It’s a huge responsibility so you got to be careful to bring really great vibes to that place, since those are the vibes that will eventually fill the theater.
Who was your favorite personality and why?
Oh man, I imagine besides Don, being the most obvious answer, I’d have to say Mick Jones. Meeting Mick was quite an experience for me, he made a huge impression and I found myself just sort of being endlessly tickled by him in the footage. All of his impish little smiles and his way of saying things, just an intensely unique character.
Another was Norman Jay from Goodtimes Sound System. Norman just floored me. Norman needs his own film, a beautiful speaker, his word are full of passion, emotion and intellect, plus he’s a great story teller. If anyone out there is thinking of doing a film on Norman, DO IT!
What are some things you learned making this film that surprised you?
I think the most shocking thing for me, as an American, was hearing Don refer to his generation as “First Generation British Born Black.” I mean Don is only a 6 years older than my dad, so to think of Black British as a group that was just recently defining itself was really something to wrap my American mind around.
Were you worried that Don wouldn’t like the movie?

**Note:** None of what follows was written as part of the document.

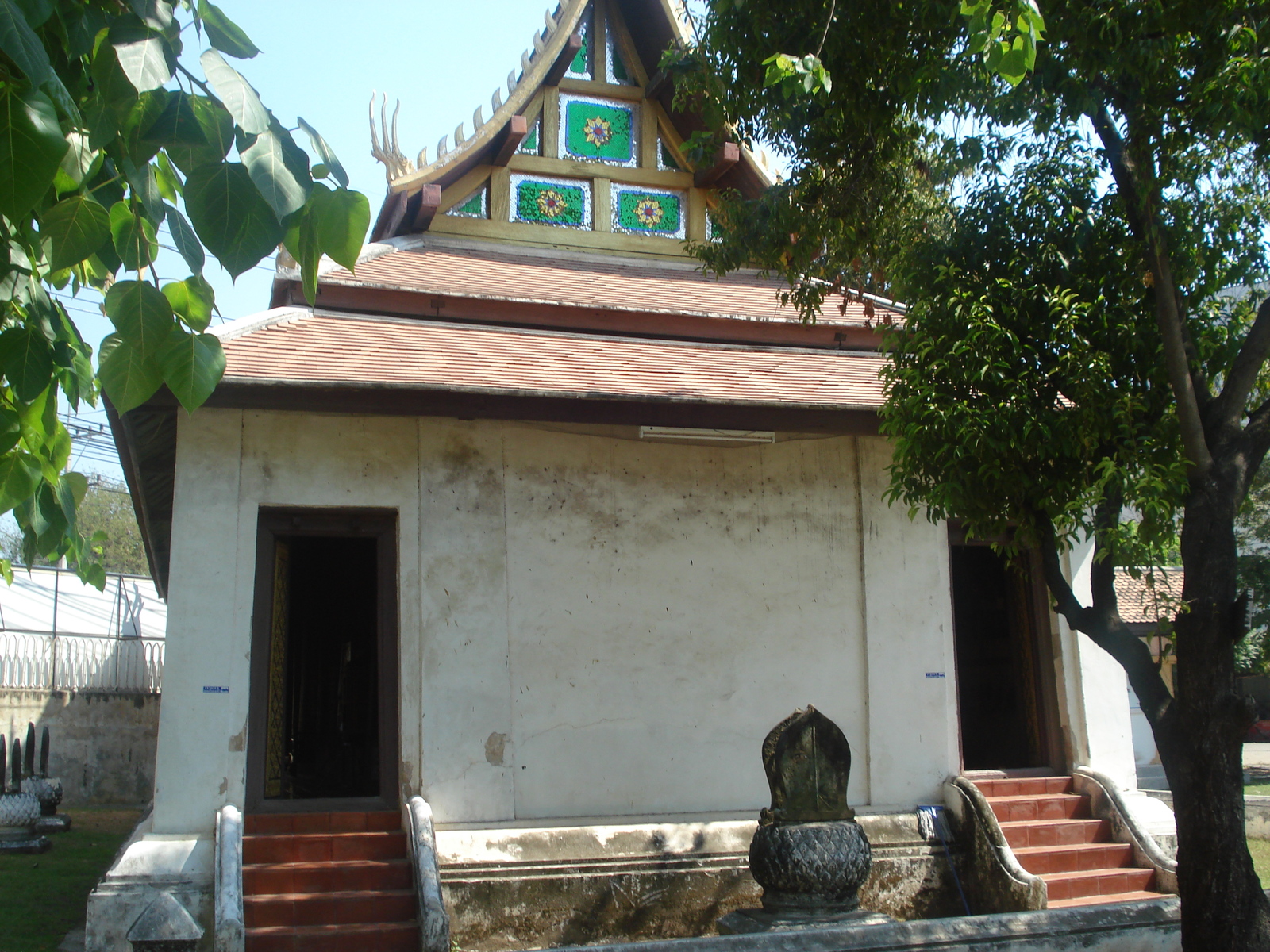 Picture Thailand Phitsanulok Wat Ratcha Bhurana 2008-01 14 - Sightseeing Wat Ratcha Bhurana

I usually discuss the project with the subject at a few key junctures: up front, when I’m about to start editing and then after the first cut is done, but typically I think it’s best to show them as late in the process as you possible, so you can work out as many of the bugs as you possibly can on your own before you drag them into it.
I like to get what I’m trying to do/say on a solid standing then present it for feedback.
But I wasn’t too worried no. In fact I had this really funny experience a few months ago, I flew over there and sat down with Don and his wife Grace to watch the movie and about halfway through I thought to myself, “What am I doing?! I should be really nervous right now!!” But I felt really calm, it honestly hadn’t even occurred to me to be nervous about it until that very moment.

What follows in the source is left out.